William Van Nortwick Jr., who retired from the 1st District Court of Appeal and then joined Akerman as partner-in-charge of the firm’s pro bono program, said it was obvious from the start representing the plaintiffs would require extensive donated resources, but the issue was too great to ignore.

“We go through a process and we analyze the case. When we went through that process, up and down the firm there was no resistance. Everybody thought it was the right thing to do for the Jacksonville community,” said Van Nortwick.

“It’s about disabled veterans. That’s as good a client as you could ask for when they are being discriminated against,” he added.

For Ingram, the case had an even broader scope.

“It is corrosive to our society when neighborhoods are vying to have their government ban certain persons with disabilities from their entire neighborhood,” he said.

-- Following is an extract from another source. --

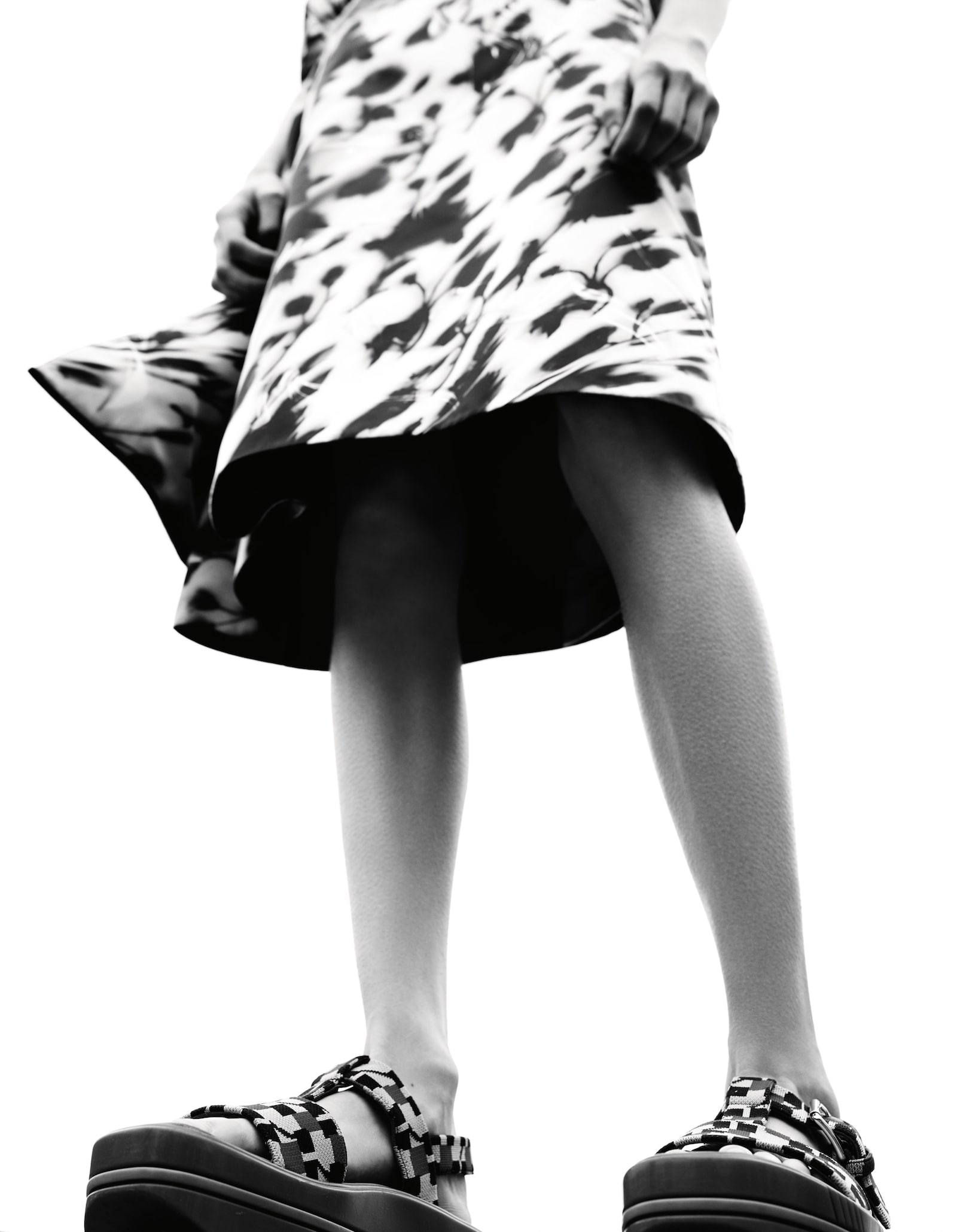 AN32_COV1_M1_Prada_06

The work wasn’t over when the terms of the settlement were reached among the litigants. That’s when the process to convince council to sign off on the agreement began.

“There was a lot of raw emotion on the part of some about having another government and an outside attorney telling you what needs to happen,” Ingram said.

He describes the final phase of the case as “a six-month effort to help the City Council understand that the settlement was appropriate” and “public dialogue to help people understand what the Fair Housing Act means and how to mesh city regulations with federal laws.”

Van Nortwick also commented on how the focus evolved from litigation to education when the city realized it didn’t want to pursue the issue all the way to the courtroom.

“The fact that we’d gotten to a point of winning the case didn’t mean anything unless the council understood what the law is, what the case is and why we won the case. I think the educational effort was above and beyond what a litigator normally does,” he said.

“In terms of the cause of what’s good and right and protecting civil rights, this is probably the most significant case of my career,” Ingram said.

Nazworth said Ability’s board of directors hasn’t yet determined a figure, but it plans to remit a “significant portion” of the nonprofit’s cash settlement to help cover some of the law firm’s outside expenses related to the case.

“Akerman didn’t request that, but we feel it’s important,” she said.